Numbers in JavaScript are stored in 64-bit format IEEE-754, also known as double precision floating point numbers.

In JavaScript, you shorten a number by appending the letter "e" to the number and specifying the zeroes count. In other words, "e" multiplies the number by 1 with the given zeroes count. For example:

var billion = 1e9; // 1 billion, literally: 1 and 9 zeroes
alert(5.4e6); // 5400000

A negative number after "e" means a division by 1 with the given number of zeroes.

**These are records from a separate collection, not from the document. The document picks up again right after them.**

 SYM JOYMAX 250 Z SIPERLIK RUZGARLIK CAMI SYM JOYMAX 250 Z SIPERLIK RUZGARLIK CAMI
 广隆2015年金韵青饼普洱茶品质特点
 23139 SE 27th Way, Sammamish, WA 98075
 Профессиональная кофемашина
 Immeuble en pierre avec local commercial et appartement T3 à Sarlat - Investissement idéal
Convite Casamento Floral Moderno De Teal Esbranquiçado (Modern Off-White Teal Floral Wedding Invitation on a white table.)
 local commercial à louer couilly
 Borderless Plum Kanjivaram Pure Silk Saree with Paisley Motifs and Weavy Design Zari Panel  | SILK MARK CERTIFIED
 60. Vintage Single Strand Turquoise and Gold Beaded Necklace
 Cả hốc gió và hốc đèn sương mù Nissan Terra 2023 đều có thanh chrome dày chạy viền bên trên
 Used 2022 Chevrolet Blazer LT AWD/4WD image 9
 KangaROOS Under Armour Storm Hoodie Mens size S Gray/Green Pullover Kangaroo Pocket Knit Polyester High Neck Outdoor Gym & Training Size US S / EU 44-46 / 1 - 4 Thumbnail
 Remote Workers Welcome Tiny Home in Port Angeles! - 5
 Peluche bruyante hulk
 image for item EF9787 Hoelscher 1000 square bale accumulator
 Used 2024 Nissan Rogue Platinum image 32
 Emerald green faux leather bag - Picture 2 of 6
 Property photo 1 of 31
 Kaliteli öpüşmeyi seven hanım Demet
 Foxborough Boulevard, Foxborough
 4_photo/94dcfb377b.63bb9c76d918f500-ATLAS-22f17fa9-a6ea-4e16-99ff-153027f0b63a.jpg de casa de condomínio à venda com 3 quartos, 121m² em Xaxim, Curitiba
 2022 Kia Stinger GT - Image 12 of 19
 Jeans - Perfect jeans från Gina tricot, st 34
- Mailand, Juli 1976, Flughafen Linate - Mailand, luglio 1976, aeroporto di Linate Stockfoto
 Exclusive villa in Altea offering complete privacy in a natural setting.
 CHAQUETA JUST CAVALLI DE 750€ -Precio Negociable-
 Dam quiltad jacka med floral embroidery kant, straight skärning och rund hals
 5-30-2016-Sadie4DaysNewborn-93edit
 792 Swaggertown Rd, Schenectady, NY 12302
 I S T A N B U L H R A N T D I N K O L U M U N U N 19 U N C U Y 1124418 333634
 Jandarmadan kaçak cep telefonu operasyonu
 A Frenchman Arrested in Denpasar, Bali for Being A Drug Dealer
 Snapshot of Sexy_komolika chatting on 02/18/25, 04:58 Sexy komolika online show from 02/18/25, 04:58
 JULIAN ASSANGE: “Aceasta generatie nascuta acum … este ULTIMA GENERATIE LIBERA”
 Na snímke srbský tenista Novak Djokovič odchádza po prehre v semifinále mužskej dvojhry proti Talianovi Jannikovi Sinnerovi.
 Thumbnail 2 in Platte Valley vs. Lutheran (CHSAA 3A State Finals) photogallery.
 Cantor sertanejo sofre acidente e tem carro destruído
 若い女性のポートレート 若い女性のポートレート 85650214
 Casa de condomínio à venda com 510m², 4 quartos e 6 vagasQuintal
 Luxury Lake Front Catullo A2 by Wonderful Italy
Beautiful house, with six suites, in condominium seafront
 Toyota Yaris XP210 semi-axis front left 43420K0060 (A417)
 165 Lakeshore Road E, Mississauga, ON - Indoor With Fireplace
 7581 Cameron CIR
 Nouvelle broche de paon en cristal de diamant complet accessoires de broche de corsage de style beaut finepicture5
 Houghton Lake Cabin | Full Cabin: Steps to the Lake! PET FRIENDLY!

For example:

alert(2e-4); // 0.0002

Hex, Binary and Octal Numbers

Hexadecimal numbers are widely used in JavaScript to represent colors, encode characters, and for other things. There exists a shorter way to write them: 0x and then the number. For example:

alert(0xff); // 255

Binary and octal numeral systems are rarely used, but also supported using the 0b and 0o prefixes. for example,

var a = 0b11111111; // binary form of 255
var b = 0o377; // octal form of 255
alert(a == b); // true, the same number 255 at both sides

Rounding Numbers

One of the most used operations when working with numbers is rounding. There are several built-in functions for rounding:

Math.floor

Rounds down: 3.1 becomes 3, and -1.1 becomes -2.

Math.ceil

Rounds up: 3.1 becomes 4, and -1.1 becomes -1.

Math.round

Rounds to the nearest integer: 3.1 becomes 3, 3.6 becomes 4 and -1.1 becomes -1.

Math.trunc

Removes anything after the decimal point without rounding: 3.1 becomes 3, -1.1 becomes -1.

Math Functions

JavaScript has a built-in Math object which contains a small library of mathematical functions and constants. 

Math.random()

Returns a random number from 0 to 1 (not including 1).

alert('Random Number: ' + Math.random());

Math.max(a, b, c) / Math.min(a, b, c)

Returns the greatest or smallest from the arbitrary number of arguments.